瞿秋白は、没落しつつある士大夫の家庭に生まれた。一九一七年夏から北京の外交部ロシア語学校で学ぶことになった。後の回想によれば「当時は、ロシアですでに革命が起こったことを全く知らず、ロシア文学の偉大な意義も知らず、将来の飯を食っていくのに役立てようと思っただけだった」という(「余計な話」)。
瞿秋白は、一九二〇年、北京の日刊紙の記者として、シベリア鉄道経由でモスクワへ向かった。この経緯には、中国の若者を共産主義に誘導しようとするボリシェヴィキ側の意図も作用していたかもしれないが、よくわからない。瞿秋白自身としては、新しい社会主義国家への関心およびロシア文学への興味が動機となっていたと言ってよいだろう。
それに加えて、ロシアに至る旅の紀行文『餓郷紀程』では、まことに陰鬱な心理状態にあったことが彼自身によって吐露されている。つまり、自分は、没落する「士の階級」に属していて、生き方を模索する煩悶の気分にとらわれている。それを突破するために「餓郷」に敢えて赴こうとするという。「餓郷」とは、「俄国」(ロシア)の「俄」と同音の「餓」を用いながら、ロシアの食糧不足という現状を念頭に置いた造語のようである。彼によれば、自らの魂の要求に従って、苦しくとも向かっていく場所が「餓郷」なのである。

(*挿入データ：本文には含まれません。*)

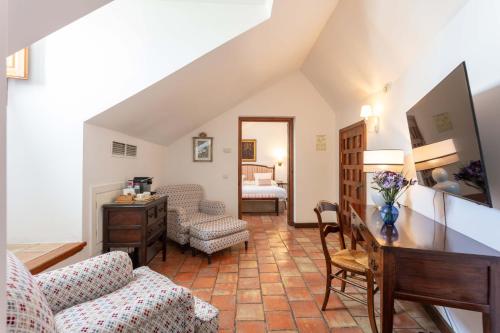 Habitación Deluxe con salón del hotel Puerta De La Luna. Foto 4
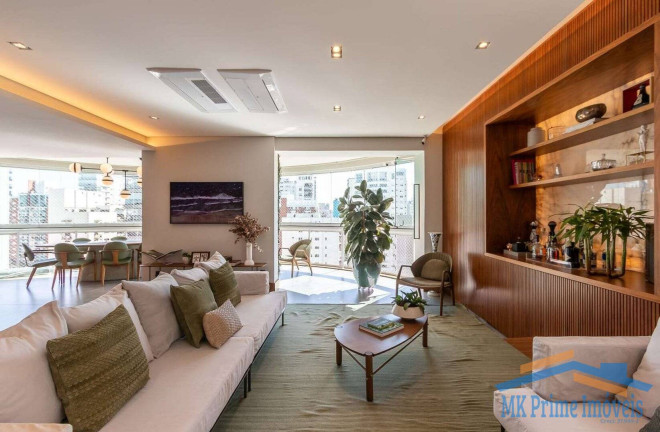 Apartamento com 3 Quartos à Venda, 210 m² em Planalto Paulista - São Paulo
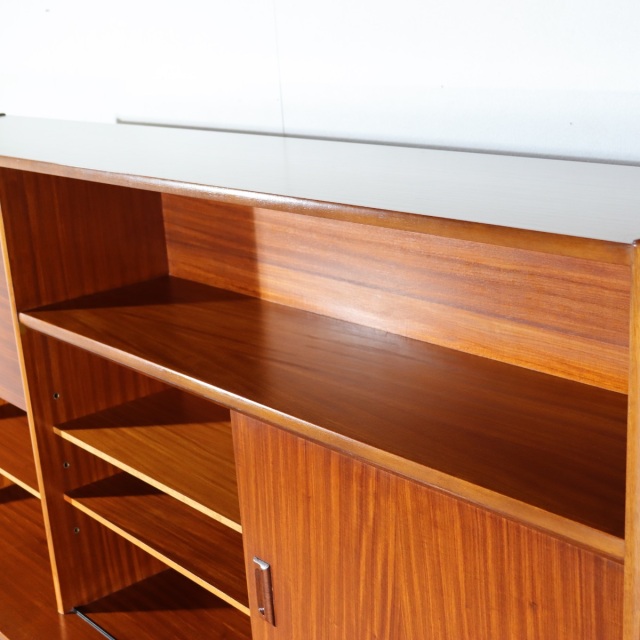 エリオッツオブニューベリーのハイボード。ヴィンテージのチーク材が美しい穏やかな雰囲気の一台。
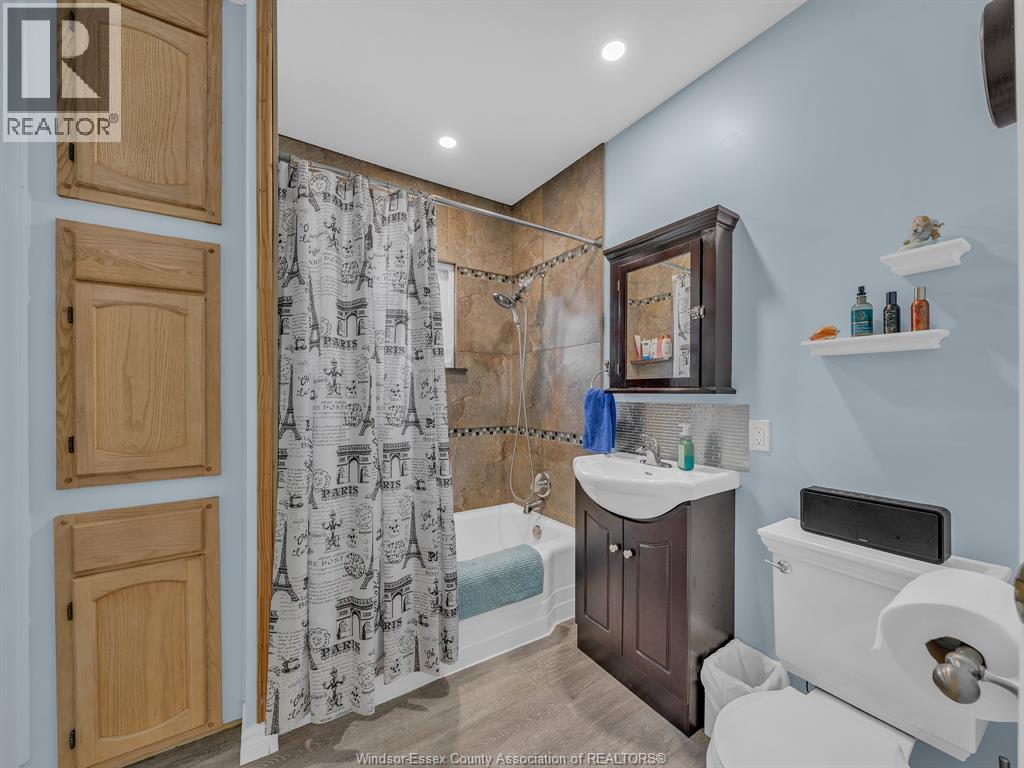 1588 Buckingham, Windsor, Ontario  N8T 2A4 - Photo 20 - 26010219
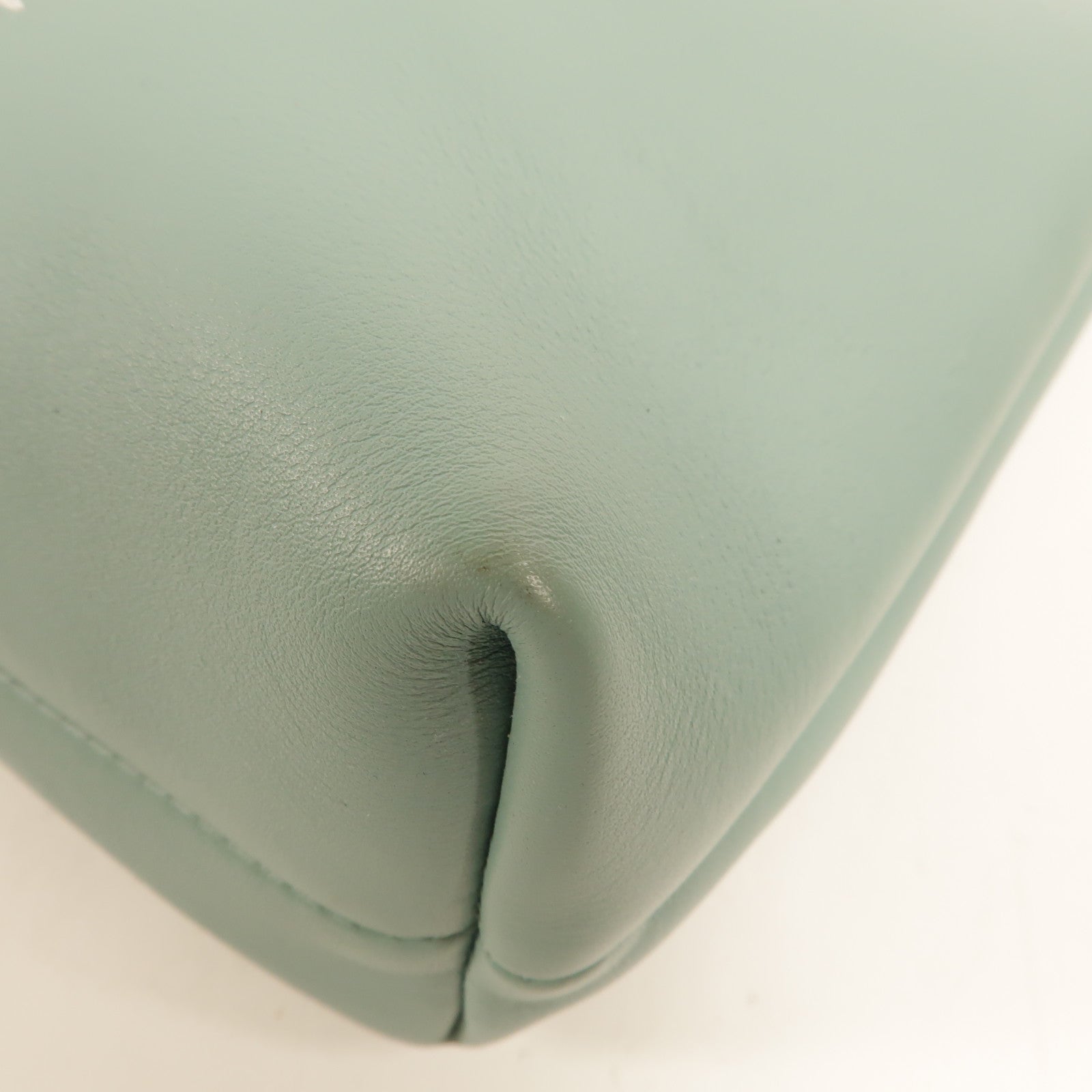 LOEWE 牛皮皮革Pebble Pouch肩背袋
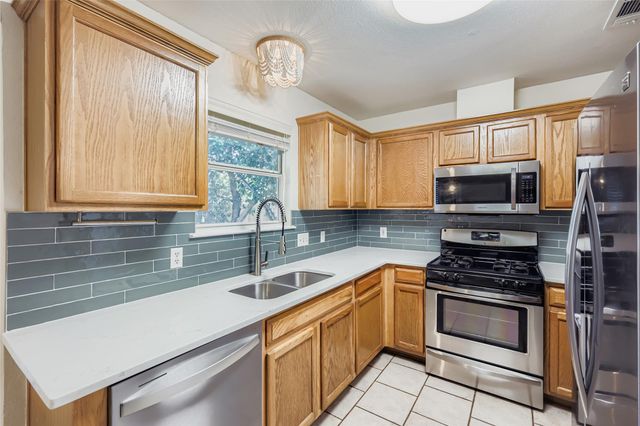 903 Jasmine TRL, Georgetown, TX 78626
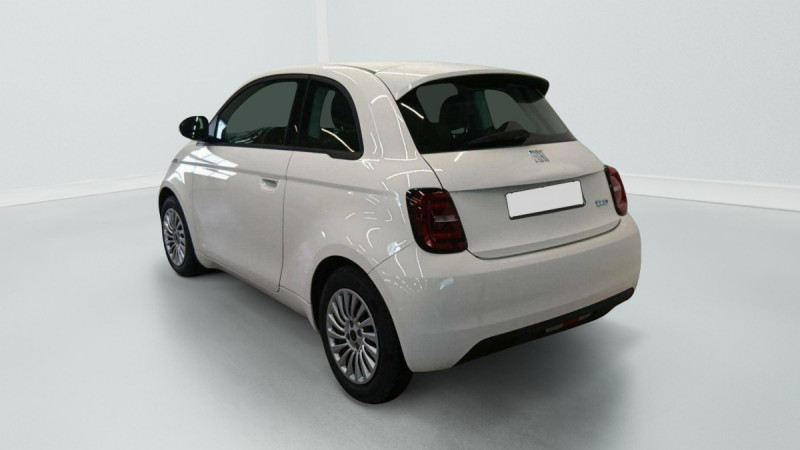 Photo 4 de l'offre de Fiat 500e Berline MY22 Serie 1 STEP 2 500 e 95 ch Action Plus à 12598€ chez Carlyss automobiles Vitré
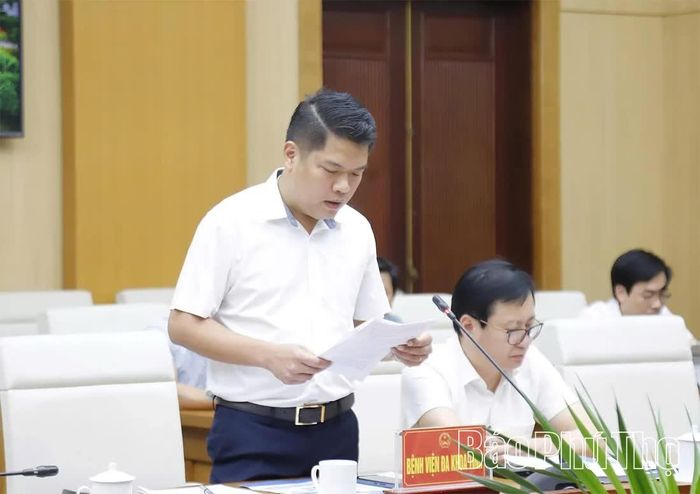 Lãnh đạo Bệnh viện Đa khoa tỉnh Phú Thọ báo cáo tại buổi làm việc.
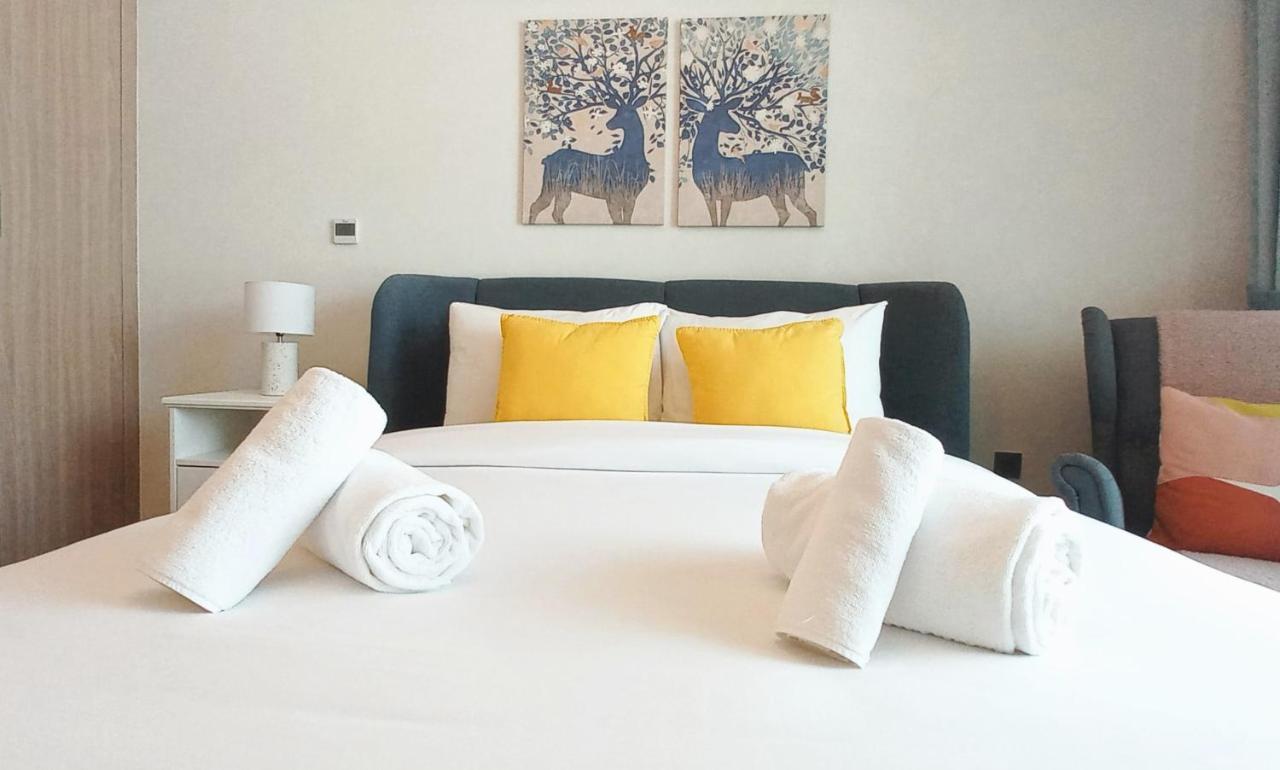 Modern Furnished Farhad Azizi Al Jaddaf Apartment Dubai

ロシアに旅立つ前の瞿秋白は、若者らしく人生行路を模索するとともに、社会の矛盾について強い関心を持っていた。当時の中国では多様な社会思想が参照されていた。瞿秋白によれば、当時の中国において若者の心が落ち着かないのは、社会生活が安定していないからであり、古い思想を攻撃した後には次第に新しい思想どうしの対立が生じた。新思想の一つはデモクラシーである。もう一つは「社会主義」で、トルストイ派などの無政府主義の色彩を帯びた思想のほか、はっきりと無政府主義を主張する者もいた(『餓郷紀程』五)。実は、瞿秋白自身も、ロシアに行く前からトルストイに関心を持ち、いくつかの文章を中国語に翻訳して紹介している。とすれば、ヤースナヤ・ポリャーナの訪問とそれに関するやや冷淡な総括は、彼自身の思想的な変化を確認する過程に他ならなかったということもできる。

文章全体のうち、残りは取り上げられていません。